Q. I’ve just got married and wondered if I should cancel my mortgage protection insurance in favour of an income protection policy?
It’s appropriate to review any insurance cover when you experience a major change in circumstances. Concerns often relate to life insurance or as suggested above, mortgage protection.
A mortgage is usually an individual’s largest expense. It’s no surprise then people wonder how they will pay it if they are unable to work for any length of time. So some people have mortgage payment protection in place. This type of policy is often sold alongside mortgages and is designed to cover your mortgage payments should you become ill or lose your job. The amount you get will typically pay your mortgage and maybe a bit more to cover expenses such as life insurance.
Income protection on the other hand is designed to pay out a regular income if you’re unable to work due to ill health and will typically continue to generate an income until you go back to work. The level of payout is designed as a percentage of your gross income but more than 60% is possible. On the other hand mortgage payment protection will pay out for a fixed period – 12 months is typical.

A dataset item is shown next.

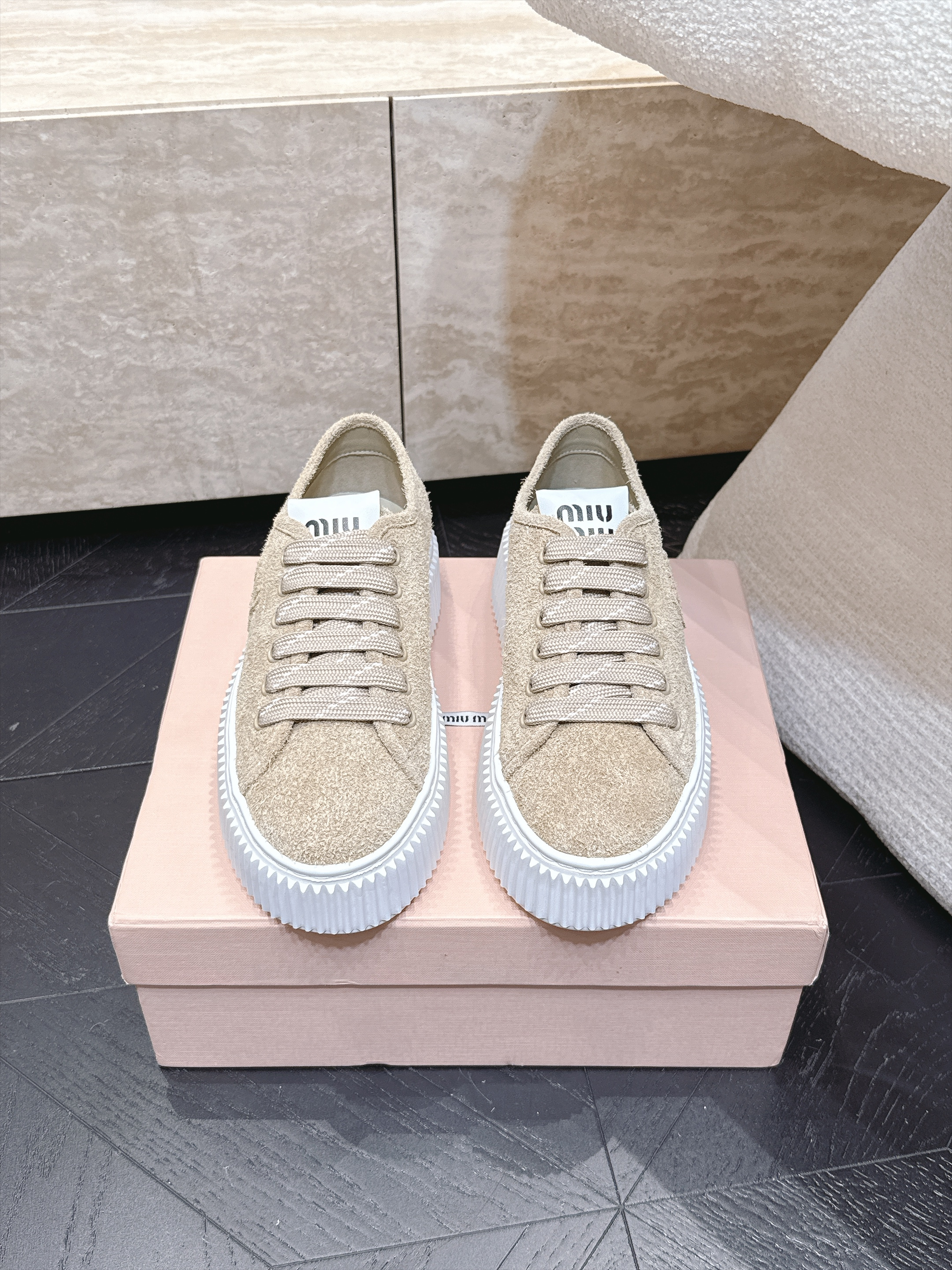 Miumiu 2026新款 厚底饼干鞋 满帮单鞋 最新走秀款，经典升级 舒适度与时髦度并存 每个颜色搭配都好看，设计搭配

The two types of policies are quite different but if you already have mortgage payment protection it’s possible to have income protection running along-side it. Here the thinking is that the mortgage protection insurance will provide short term cover whereas the income protection will start once the other policy stops paying out.
Designing appropriate cover will depend on your broader circumstances, not just on whether you are married or not. Mortgage payment protection can be something of a blunt instrument because it’s not underwritten in the same way income protection is.
If you make a claim on an income protection policy the premiums are usually waived for the duration of your claim and you can make multiple claims. Payments are tax-free and some policies pay out a tax-free lump sum on retirement. Mortgage protection will lapse when the mortgage does either because the house is sold or paid off. This is an important consideration if you’re likely to pay your mortgage off well before you retire.